Entretien avec Jacques Trémolet de Villers.
— Avant de passer en revue quelques événements politiques de l’année écoulée, un mot sur les meurtres perpétrés par des terroristes islamistes. Vous aviez eu l’occasion de plaider contre Charlie Hebdo ?
— Oui, à plusieurs reprises. Nous nous étions affrontés, mais devant la dix-septième chambre correctionnelle, comme des gens civilisés… Ce genre d’affrontement créé des liens. Quand on voit les adversaires avec lesquels on s’est confronté devant un tribunal brusquement décimés, avec autant de sauvagerie et de barbarie criminelle, on en reçoit un choc encore plus fort. Un chrétien doit combattre ses adversaires sans les mépriser ni les haïr. En même temps, j’éprouve une vraie tristesse, parce que l’hommage officiel qui a été rendu à ces morts revêt, comme toujours dans la République du Panthéon, un aspect effroyablement glacé. Le vide des discours reflète bien le néant spirituel qu’il recouvre. Quand des chrétiens sont assassinés, on pleure et, en même temps, le cœur conserve l’espérance. Là, on peut espérer pour eux contre toute désespérance, mais nous n’en avons pas vu la moindre traduction publique. Un pèlerinage, une marche à Notre-Dame, cela revêt un sens. Une marche républicaine, ça vous enterre deux fois le défunt.
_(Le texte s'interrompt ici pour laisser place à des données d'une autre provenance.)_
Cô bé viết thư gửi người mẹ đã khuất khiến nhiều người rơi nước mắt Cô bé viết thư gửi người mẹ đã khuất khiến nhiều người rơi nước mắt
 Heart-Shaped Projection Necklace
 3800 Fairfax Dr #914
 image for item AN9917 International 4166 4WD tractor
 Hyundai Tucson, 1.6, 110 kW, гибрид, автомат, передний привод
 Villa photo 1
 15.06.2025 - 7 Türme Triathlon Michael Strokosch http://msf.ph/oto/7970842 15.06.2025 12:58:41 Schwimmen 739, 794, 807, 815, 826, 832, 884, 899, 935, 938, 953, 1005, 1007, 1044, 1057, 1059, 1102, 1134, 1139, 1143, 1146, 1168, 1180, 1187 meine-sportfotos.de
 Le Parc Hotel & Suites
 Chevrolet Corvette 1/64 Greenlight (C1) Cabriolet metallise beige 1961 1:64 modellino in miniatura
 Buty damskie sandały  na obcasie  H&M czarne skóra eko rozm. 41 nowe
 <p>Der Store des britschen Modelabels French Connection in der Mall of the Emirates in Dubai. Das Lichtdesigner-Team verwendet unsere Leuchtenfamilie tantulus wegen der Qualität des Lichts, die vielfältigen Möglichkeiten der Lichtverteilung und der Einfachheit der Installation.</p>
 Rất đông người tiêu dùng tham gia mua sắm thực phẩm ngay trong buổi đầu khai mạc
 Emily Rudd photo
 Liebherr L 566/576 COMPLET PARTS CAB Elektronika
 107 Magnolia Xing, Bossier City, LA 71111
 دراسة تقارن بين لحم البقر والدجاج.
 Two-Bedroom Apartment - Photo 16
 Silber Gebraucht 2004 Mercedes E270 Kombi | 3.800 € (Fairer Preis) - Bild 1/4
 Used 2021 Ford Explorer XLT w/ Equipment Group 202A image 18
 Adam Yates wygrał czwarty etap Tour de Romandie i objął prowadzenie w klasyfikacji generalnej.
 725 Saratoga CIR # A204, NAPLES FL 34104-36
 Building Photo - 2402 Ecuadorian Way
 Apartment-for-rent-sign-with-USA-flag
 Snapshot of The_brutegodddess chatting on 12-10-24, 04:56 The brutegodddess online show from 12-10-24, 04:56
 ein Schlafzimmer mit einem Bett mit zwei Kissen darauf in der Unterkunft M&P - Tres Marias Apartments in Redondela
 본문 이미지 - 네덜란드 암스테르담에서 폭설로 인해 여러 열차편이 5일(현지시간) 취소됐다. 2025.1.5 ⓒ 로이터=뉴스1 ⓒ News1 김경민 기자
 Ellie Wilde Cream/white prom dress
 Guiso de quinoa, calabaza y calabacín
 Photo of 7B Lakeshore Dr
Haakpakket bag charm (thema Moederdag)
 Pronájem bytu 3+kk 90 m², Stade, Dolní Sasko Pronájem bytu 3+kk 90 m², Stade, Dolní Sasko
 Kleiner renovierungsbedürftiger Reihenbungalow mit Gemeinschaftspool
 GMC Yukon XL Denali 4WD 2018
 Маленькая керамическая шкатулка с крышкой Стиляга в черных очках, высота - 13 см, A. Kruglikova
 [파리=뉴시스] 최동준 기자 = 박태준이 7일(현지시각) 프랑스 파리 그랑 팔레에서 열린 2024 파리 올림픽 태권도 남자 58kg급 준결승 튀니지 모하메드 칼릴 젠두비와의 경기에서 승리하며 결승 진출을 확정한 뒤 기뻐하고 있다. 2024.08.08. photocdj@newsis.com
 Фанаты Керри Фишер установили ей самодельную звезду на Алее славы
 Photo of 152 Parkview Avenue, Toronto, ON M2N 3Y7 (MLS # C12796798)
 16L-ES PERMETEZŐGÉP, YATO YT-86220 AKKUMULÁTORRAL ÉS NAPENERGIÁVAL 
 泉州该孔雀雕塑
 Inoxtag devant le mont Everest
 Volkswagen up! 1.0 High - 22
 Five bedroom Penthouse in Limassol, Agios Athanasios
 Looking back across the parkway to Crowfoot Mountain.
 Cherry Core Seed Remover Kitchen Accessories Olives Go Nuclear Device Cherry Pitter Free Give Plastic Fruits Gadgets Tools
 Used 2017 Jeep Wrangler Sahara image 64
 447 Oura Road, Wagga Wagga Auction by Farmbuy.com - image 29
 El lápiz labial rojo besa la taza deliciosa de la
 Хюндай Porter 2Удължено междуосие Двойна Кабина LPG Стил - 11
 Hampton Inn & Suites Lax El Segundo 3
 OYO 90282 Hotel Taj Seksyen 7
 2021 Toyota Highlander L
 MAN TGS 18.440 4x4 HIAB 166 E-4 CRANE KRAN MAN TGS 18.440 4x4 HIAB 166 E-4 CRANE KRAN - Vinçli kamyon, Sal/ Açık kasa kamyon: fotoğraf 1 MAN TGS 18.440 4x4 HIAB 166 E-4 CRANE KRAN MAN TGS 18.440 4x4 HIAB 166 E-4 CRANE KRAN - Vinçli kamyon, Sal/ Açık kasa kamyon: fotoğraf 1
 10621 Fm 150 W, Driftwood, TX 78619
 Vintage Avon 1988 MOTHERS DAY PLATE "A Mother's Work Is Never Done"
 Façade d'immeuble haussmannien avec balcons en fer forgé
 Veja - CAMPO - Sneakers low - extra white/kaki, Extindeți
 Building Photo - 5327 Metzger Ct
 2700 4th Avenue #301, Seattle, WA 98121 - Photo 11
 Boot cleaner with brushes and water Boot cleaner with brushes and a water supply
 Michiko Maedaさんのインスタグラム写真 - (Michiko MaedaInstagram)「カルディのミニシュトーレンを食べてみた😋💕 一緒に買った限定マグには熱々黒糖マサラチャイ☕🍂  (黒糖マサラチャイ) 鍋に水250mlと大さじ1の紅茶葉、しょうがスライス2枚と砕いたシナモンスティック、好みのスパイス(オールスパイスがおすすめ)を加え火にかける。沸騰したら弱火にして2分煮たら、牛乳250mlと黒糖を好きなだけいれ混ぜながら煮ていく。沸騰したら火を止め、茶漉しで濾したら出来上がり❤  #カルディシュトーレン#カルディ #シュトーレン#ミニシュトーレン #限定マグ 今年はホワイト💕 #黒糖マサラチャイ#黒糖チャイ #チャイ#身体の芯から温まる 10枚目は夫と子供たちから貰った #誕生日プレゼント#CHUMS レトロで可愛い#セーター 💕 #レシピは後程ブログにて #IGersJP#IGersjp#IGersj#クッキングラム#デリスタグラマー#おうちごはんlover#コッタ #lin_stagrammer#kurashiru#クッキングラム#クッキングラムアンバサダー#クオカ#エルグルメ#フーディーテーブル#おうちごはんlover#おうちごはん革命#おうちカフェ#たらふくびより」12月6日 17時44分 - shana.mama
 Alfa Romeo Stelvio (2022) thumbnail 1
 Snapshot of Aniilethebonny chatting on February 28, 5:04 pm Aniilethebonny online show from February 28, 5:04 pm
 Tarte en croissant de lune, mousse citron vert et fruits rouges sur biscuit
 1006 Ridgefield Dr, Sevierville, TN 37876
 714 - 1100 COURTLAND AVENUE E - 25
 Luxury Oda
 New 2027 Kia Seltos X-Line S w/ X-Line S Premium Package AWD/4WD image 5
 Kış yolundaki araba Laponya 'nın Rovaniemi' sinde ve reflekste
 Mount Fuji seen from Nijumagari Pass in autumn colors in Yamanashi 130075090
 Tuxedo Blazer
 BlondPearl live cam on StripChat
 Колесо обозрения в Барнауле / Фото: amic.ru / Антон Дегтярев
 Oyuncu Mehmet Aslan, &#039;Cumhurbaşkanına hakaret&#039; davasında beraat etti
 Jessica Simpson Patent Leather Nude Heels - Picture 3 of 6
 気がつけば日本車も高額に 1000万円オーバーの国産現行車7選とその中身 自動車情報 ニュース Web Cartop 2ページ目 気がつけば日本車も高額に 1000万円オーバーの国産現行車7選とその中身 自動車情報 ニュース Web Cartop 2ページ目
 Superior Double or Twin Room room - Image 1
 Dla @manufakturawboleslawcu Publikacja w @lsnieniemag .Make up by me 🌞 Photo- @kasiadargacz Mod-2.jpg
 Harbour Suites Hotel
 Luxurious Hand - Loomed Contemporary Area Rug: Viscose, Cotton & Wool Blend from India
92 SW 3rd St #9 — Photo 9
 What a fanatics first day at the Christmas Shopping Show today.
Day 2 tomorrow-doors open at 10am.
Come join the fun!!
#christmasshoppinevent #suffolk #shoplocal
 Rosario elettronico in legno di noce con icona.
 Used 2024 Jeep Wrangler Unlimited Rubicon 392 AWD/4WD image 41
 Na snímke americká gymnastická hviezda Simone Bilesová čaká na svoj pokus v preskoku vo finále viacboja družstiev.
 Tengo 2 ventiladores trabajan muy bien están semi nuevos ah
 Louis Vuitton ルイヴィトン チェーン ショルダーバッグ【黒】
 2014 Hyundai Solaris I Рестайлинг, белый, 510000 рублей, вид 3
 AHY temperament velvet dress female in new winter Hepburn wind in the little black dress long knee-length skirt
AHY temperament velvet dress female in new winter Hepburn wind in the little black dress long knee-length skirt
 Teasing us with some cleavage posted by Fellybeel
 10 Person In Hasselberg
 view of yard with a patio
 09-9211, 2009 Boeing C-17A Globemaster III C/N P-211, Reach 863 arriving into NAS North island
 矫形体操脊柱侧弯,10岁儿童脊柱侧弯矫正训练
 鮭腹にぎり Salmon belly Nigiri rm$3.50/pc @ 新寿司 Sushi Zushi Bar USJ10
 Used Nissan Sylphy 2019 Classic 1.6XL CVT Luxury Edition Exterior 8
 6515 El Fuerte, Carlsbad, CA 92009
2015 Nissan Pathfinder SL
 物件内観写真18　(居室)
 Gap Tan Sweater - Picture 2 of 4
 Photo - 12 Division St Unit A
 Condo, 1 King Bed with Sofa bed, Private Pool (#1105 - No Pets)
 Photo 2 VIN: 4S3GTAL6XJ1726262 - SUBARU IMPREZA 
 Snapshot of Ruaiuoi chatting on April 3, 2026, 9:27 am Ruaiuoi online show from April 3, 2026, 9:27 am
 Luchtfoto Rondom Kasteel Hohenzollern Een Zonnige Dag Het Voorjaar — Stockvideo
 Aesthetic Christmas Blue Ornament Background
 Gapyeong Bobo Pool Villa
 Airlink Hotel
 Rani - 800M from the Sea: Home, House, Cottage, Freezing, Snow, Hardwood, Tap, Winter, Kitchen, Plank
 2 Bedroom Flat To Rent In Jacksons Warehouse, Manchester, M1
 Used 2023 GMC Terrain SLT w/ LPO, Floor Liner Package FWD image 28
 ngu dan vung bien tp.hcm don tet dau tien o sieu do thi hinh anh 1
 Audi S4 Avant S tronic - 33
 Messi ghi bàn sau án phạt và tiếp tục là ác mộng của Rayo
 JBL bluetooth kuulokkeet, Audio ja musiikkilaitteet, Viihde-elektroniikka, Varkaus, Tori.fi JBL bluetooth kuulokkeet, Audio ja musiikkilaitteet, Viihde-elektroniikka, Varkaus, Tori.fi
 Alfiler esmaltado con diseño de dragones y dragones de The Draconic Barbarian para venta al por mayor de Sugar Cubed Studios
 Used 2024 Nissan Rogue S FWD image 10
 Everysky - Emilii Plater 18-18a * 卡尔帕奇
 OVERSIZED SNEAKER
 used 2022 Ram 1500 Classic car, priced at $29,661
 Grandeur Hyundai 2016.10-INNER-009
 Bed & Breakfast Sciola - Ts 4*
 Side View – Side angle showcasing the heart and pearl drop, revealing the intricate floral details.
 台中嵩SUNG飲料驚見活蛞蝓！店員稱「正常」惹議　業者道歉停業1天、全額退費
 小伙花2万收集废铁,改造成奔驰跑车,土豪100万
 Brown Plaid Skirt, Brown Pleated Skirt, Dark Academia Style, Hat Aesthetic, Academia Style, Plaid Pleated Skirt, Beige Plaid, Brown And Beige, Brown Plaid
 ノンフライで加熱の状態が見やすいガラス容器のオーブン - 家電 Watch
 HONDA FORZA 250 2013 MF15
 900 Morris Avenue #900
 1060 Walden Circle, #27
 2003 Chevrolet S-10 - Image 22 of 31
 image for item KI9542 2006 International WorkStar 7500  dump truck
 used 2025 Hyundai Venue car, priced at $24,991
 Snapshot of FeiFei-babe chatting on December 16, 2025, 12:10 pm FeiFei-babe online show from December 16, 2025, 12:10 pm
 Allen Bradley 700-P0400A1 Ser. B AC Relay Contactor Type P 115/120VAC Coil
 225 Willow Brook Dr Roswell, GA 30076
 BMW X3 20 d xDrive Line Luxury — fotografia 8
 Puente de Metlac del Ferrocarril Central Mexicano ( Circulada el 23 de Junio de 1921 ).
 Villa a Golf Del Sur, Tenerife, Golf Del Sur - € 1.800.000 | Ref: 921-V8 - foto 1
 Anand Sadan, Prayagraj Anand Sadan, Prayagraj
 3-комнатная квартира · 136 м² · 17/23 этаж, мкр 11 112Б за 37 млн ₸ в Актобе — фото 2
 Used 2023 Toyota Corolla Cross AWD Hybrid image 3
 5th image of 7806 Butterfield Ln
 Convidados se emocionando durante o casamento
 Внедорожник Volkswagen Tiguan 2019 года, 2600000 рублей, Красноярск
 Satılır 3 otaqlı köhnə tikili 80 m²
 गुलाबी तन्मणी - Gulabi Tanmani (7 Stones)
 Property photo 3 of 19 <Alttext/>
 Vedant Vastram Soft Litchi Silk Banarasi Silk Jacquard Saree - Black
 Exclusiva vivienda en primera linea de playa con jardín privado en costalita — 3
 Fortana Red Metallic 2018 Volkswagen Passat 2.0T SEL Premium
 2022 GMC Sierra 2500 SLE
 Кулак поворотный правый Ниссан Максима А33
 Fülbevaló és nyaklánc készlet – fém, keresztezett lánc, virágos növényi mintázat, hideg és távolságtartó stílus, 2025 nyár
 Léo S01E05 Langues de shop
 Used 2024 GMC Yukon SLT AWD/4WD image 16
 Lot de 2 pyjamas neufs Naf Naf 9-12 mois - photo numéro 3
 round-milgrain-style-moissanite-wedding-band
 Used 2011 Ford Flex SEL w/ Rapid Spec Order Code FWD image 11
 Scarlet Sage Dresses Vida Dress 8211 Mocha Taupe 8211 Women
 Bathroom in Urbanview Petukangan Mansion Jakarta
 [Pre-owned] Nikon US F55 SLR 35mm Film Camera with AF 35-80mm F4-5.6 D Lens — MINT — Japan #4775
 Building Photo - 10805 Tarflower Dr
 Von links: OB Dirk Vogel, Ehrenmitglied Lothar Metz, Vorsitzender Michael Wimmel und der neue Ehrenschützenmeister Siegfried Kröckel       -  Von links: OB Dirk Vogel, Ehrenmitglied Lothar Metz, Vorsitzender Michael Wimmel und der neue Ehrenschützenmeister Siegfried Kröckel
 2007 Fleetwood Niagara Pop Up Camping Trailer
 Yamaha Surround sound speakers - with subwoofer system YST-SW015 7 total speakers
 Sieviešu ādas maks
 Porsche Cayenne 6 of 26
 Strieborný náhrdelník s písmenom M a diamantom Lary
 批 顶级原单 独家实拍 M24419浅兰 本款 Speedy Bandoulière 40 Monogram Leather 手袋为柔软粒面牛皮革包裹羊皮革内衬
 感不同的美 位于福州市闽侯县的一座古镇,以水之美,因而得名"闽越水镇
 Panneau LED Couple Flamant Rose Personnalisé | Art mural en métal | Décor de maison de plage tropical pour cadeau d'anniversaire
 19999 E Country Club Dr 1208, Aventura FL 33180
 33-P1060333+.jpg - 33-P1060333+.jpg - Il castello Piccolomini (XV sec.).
— Revenons à 2014… Année de la Manif pour tous ?
— C’est un grand mouvement social qui a en effet planté ses racines dans le plus profond de l’histoire de France et de l’âme française. C’est une résurgence de la France de toujours et cela constitue pour moi un grand motif d’espérance. Même si l’on m’objecte souvent : « mais ce mouvement n’a pas de traduction politique ». Pour l’instant, effectivement, il n’en a pas. Il n’y a pas de cadre politique qui soit conforme et adapté à ce que sont les militants et les marcheurs de la Manif pour tous. Ces derniers ne peuvent qu’irriguer les partis politiques existants, enfin ceux qui ne sont pas trop hostiles à ce qu’ils représentent. Une grosse majorité des animateurs de la Manif pour tous sont des jeunes gens dont la plupart se méfient des partis politiques et de leurs tentatives de récupération. Ces jeunes, que je connais bien, rêvent d’un autre avenir. D’une structure nouvelle à inventer et à construire…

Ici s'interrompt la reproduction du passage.